Die Zulassung der Revision wegen grundsätzlicher Bedeutung kommt nur in Betracht wegen einer klärungsbedürftigen und klärungsfähigen Rechtsfrage. An der Klärungsbedürftigkeit fehlt es dann, wenn die Rechtsfrage ohne weiteres aus dem Gesetz beantwortet werden kann oder bereits durch eine Entscheidung des Bundesfinanzhofs (BFH) geklärt worden ist und keine neuen Gesichtspunkte erkennbar sind, die eine erneute Prüfung und Entscheidung dieser Frage durch den BFH erforderlich machen (vgl. dazu Ruban in Gräber, Finanzgerichtsordnung, 4. Aufl. 1997, § 115 Anm. 9, m.w.N.).

Die vom Kläger für grundsätzlich gehaltene Rechtsfrage ist ohne weiteres aus dem Gesetz zu beantworten. Nach § 9 Abs. 1 Nr. 4 GrEStG 1983 gilt beim Meistgebot im Zwangsversteigerungsverfahren als Gegenleistung das Meistgebot einschließlich der nach den Versteigerungsbedingungen bestehen bleibenden Rechte. Die in dieser Vorschrift verwendeten Begriffe sind im Sinne des Zwangsversteigerungsrechts auszulegen. Bestehen bleibende Rechte sind danach solche Rechte, die bei der Feststellung des geringsten Gebots berücksichtigt und nicht durch Zahlung zu decken sind (vgl. § 52 des Gesetzes über die Zwangsversteigerung und die Zwangsverwaltung). Als bestehen bleibende Rechte sind die Hypotheken und die Grundschulden mit ihrem Kapitalbetrag, dem Nennwert, anzusetzen, und zwar unabhängig davon, ob ein solches Recht dem Meistbietenden zusteht oder ob ein Grundpfandrecht vom Meistbietenden erst kurz vor der Versteigerung zu einem Bruchteil seines Nennwerts erworben wurde (BFH-Urteil vom 23. Januar 1985 II R 36/83, BFHE 143, 158, BStBl II 1985, 339).

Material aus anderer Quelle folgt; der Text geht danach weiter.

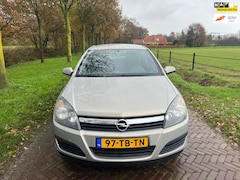 Opel Astra - 1.6 Edition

Die Gesetzesanordnung ist damit eindeutig: Jedes in das geringste Gebot fallende und damit bestehen bleibende Grundpfandrecht ist ausnahmslos bei der Ermittlung der Gegenleistung anzusetzen. Das Gesetz enthält für die vom Kläger vertretene Rechtsauffassung, die ihm zur Hälfte zustehende, nach den Versteigerungsbedingungen bestehen bleibende Sicherungshypothek sei bei der Ermittlung der Gegenleistung nicht zu berücksichtigen, weil die sich bei Ansatz dieses Grundpfandrechts ergebende Gegenleistung den Verkehrswert des Grundstücks erheblich übersteige, keinerlei Anhaltspunkte. Die vom Kläger für allgemein bedeutsam erachtete Rechtsfrage ist durch das Gesetz eindeutig geklärt. Weiterer Klärungsbedarf besteht nicht.